Machine learning in Clojure: Archaeologist, Pathologist, and Guru

Not long ago, I got a rare chance to apply Machine Learning at my daily job. For an internal prototype of a potential Beanstalk functionality, we needed a module that would — given a repository — provide us with a concise, knowledgeable description of its contents. Not just “45% PHP, 50% HTML” (e.g., linguist), but closer to “Rails 4.1 project using Rake, Grunt, Vagrant, and Capistrano”.
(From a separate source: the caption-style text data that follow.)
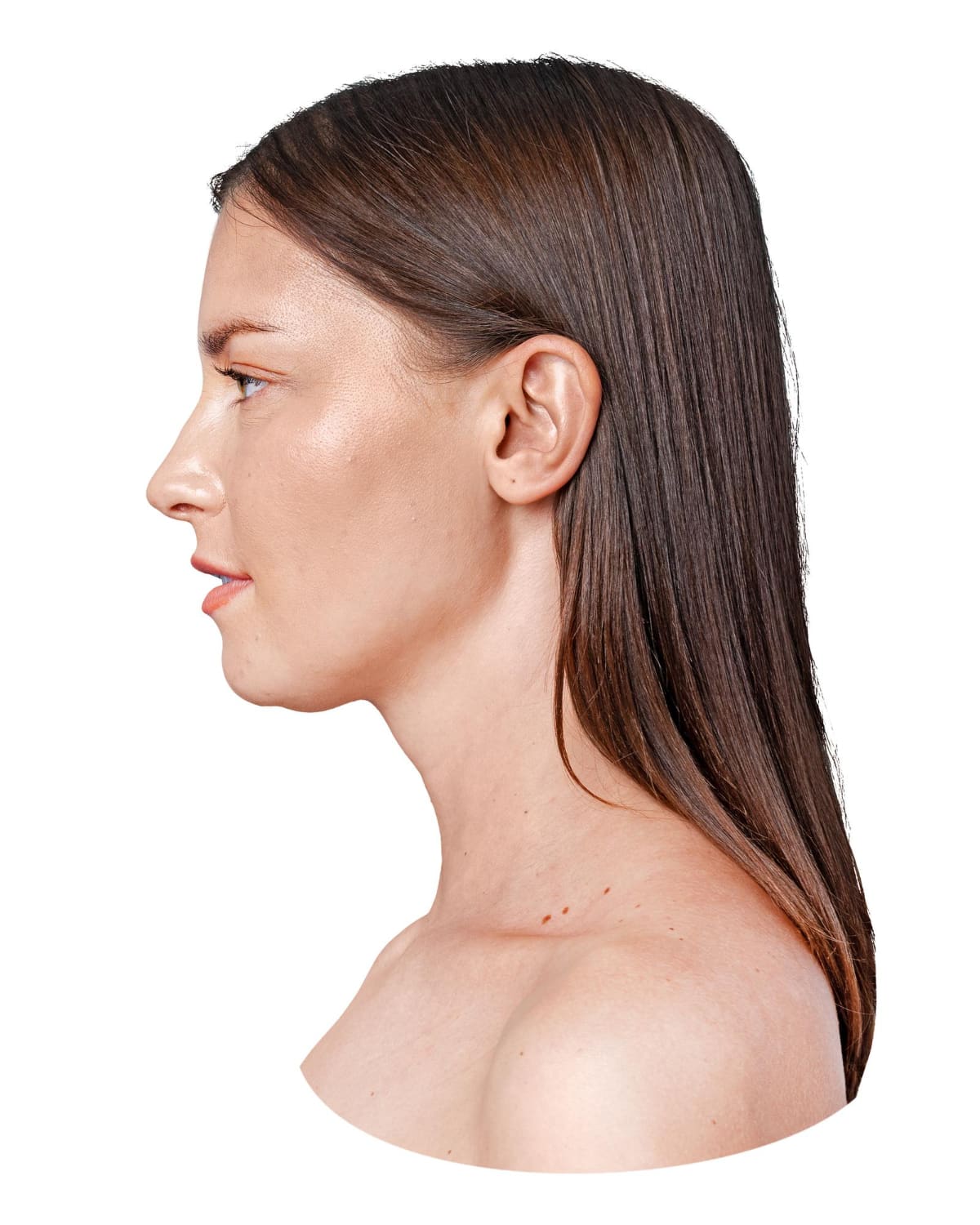 המסת שומן מהסנטר ללא ניתוח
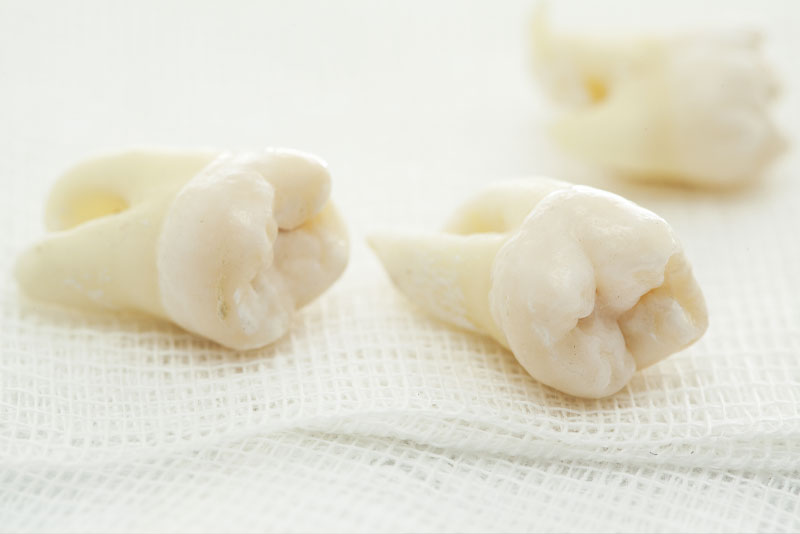 A few single dental implant models.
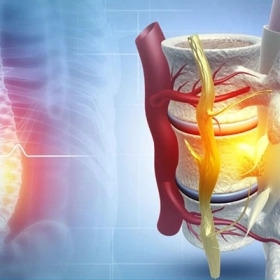 Viêm tủy cắt ngang: Dấu hiệu, nguyên nhân và lộ trình điều trị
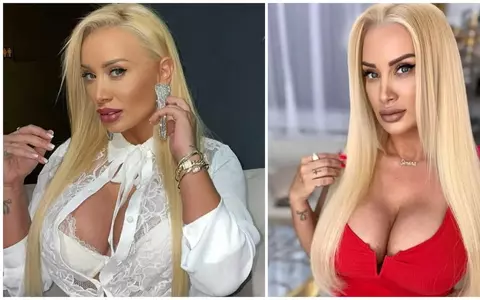 Simona Trașcă și-a făcut operație de mișcorare a sânilor: "Aveam Cupa Mondială, acum am cupa C. Ajungeam la urgențe dacă nu mă operam..."/ Cum o duce pe plan amoros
Having recently finished Clojure for Machine Learning, I had an itch to try to implement a machine learning system in Clojure, which is the Wildbit’s primary language for writing new services for Beanstalk. My basic premise was that an experienced programmer can infer a lot about the project only by looking at its directory structure. Thus, I concluded, if I could identify the right features, and — given enough examples — it should be possible to train an automatic classifier to do this job.

Dataset and feature format

Following the traditional Machine Learning workflow, I started with gathering a dataset of various source code repositories, primarily from the following sources:

  • Bootstrapped project directories, generated by various frameworks (Rails, symfony2, Drupal, etc.)
  • Open-source projects using various frameworks found on GitHub and BitBucket.
  • Wildbit’s own internal projects.

At this point, I was faced with a challenge of finding the right representation of the directory tree in a tabular form expected by a typical Machine Learning algorithm. I attempted several feature formats:

  1. file paths: ['/app/model/user.rb'] -> ['/app/model/user.rb']
  2. bag of words: ['/app/model/user.rb'] -> ['app', 'model', 'user.rb']
  3. encoded “depth & filename” pairs: ['/app/model/user.rb'] -> ['2#user.rb']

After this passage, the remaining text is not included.